Ele não respondeu, e se respondesse eu nem queria saber.
Na quarta e ultima semana me sentia outra pessoa.
Essa ultima semana passou voando, quando finalmente chegou a segundo eu já estava totalmente arrumado, esperando Heitor acordar para ele poder me levar para a faculdade. Já estava sem emprego e mega atrasado na faculdade. Quando Heitor abriu o primeiro olho eu puxei o pé dele e gritei:
- Vamos Heitor, hoje eu tenho apresentação de trabalho.
Ele resmungou e resmungou, mas foi tomar banho. Já dentro do carro ele estava de cara feia, mas eu fui atazanando ele até a faculdade. Pedi pra ele estacionar o mais longe possível da entrada, andamos o caminho todo até a minha sala. Durante essas três semanas eu tinha pegado um pouco mais de massa muscular, mas não estava forte, estava usando uma calça skinny e camisa de gola v azul. Heitor estava com uma bermuda florida e uma camisa de botões listrados. Cheguei na porta da minha sala, parei, respirei fundo e depois abri a porta.

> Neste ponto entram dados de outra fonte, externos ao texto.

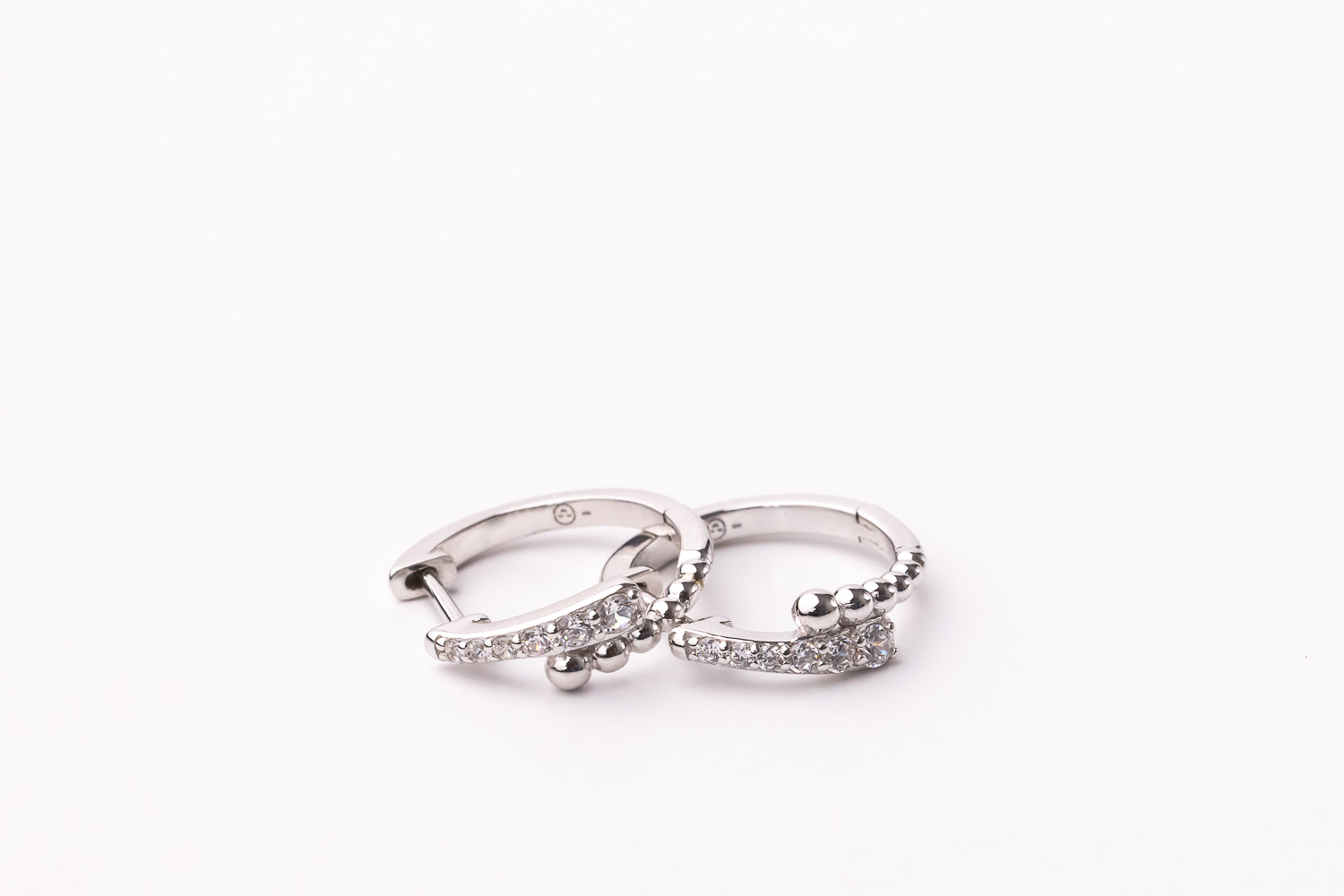 The "Dots of Love Earrings" on a white background.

O burburinho de conversa chegou até mim, logo vários pares de olhos se voltaram para Heitor e eu, inclusive dois pares de olhos puxados. O namoradinho de Li também estava ali? Ai, Deus! Ele fez isso? Me traiu e colocou outro em tudo que era lugar? Caminhei até uma cadeira que ficava na primeira fileira, não olhei para ninguém, só para a cadeira que era o meu destino. Me sentei e segundos depois Heitor se sentou do meu lado.
O professor chegou minutos depois e já foi logo chamando alunos para irem apresentar o trabalho, não era em ordem alfabética, ele estava escolhendo quem iria apresentar primeiro. E assim se passou os primeiros trinta minutos, durante esse tempo que passei recluso eu tinha feito o meu trabalho, não concluir meu pensamento pois o professor falou:
- Li-Yang - A voz dele era anasalada e fanha - Venha agora apresentar.
Li se levantou da cadeira, mas eu só olhei ele quando ele já estava lá na frente. Calça jeans azul e camisa cinza. Para a minha surpresa o outro japonesinho foi atrás dele.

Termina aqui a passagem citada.